Altitude has acquired UK and Ireland distribution rights to three festival hits and plans to release them during the upcoming awards season.
Lee Isaac Chung’s Minari was acquired from A24 earlier this year. It won the grand jury and audience awards at Sundance, where the drama debuted. Altitude hopes to release on April 2, 2021.
Steven Yeun, best known for roles in Bong Joon Ho’s Okja and The Walking Dead, stars in the story of a Korean-American family trying to build themselves a new life in small town Arkansas in the 1980s. Co-star Yuh-Jung Youn recently secured a best actress nomination at the Gotham Awards.
Altitude has also picked up Bryan Fogel’s documentary thriller The Dissident from HanWay Films. The film investigates the grim circumstances behind the murder of journalist Jamal Khasoggi in 2018. Altitude is aiming for a release on March 5, 2021.

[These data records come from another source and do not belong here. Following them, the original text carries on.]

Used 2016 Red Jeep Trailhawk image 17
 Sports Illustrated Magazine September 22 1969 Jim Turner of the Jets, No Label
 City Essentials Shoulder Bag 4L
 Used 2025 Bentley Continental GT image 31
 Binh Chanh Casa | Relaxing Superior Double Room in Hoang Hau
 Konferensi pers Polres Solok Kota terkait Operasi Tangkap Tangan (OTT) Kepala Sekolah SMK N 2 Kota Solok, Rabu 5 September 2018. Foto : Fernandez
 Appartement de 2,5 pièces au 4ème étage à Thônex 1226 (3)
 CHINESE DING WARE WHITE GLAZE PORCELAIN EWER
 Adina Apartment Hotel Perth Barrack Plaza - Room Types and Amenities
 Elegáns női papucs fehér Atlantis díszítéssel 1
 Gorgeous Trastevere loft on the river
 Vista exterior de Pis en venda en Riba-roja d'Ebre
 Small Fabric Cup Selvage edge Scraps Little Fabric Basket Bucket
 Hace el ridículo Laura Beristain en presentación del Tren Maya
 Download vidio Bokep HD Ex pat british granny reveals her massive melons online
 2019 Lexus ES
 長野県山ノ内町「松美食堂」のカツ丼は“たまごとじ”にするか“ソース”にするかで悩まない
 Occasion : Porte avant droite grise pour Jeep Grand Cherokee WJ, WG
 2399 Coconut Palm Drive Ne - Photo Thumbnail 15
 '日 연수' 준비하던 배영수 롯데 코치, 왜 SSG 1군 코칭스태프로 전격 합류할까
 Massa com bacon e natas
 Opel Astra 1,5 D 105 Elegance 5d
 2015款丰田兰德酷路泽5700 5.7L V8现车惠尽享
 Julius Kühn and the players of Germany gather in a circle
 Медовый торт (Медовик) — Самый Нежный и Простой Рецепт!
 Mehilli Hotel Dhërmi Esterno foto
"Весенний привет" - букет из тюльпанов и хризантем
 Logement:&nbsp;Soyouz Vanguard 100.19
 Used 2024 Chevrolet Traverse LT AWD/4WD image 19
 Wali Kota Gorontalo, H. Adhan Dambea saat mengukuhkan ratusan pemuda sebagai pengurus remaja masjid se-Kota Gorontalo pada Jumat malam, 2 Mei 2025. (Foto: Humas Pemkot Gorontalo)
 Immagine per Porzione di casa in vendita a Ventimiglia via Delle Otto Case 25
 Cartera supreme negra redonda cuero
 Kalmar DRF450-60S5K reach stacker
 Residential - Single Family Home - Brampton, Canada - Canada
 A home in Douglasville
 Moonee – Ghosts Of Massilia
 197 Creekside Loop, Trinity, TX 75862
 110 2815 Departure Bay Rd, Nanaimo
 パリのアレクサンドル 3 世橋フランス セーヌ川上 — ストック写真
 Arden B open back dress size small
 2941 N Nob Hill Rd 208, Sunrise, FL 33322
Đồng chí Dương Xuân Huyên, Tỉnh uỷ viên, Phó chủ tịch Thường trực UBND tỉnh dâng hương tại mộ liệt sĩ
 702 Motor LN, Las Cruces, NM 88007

It marks Fogel’s follow up to hard-hitting 2017 investigative feature Icarus, which unravelled the story of Russia’s Olympic doping programming and won the Oscar for best documentary.
The third pick-up is Victor Kossakovsky’s animal rights documentary Gunda, sold by Cinephil. The film, which follows a pig devoted to its piglets and fellow farm animals, is executive produced by Joaquin Phoenix and proved a critics favourite at the Berlinale, where it premiered in February.
Altitude will give it a release in the UK and Ireland on April 30, 2021. It will be released in the US by Neon.
“These are three significant films for us but they’re part of a much bigger, burgeoning slate we have which is looking really strong for next year,” said Altitude Film Distribution managing director Hamish Moseley.
Since the initial re-opening of UK cinemas post-lockdown in the summer, Altitude has been one of the country’s most prolific theatrical distributors. Its releases have ranged from Russell Crowe road rage movie Unhinged and Ladj Ly’s Les Miserables to Sarah Gavron’s Rocks and David Attenborough’s A Life On Our Planet,
Altitude also has a packed slate for 2021. Releases for next year include Tina Turner documentary Tina, directed by Daniel Lindsay and T.J. Martin; Chasing Chaplin, a Charlie Chaplin documentary from Notes On Blindness directors Peter Middleton and James Spinney; and Ari Folman’s animated documentary Where Is Anne Frank?, which follows the imaginary friend to whom Anne Frank dedicated her diary.
Moseley added: “We feel it is our duty to keep supplying cinemas with new films. It’s an opportunity for us but it’s also a responsibility.”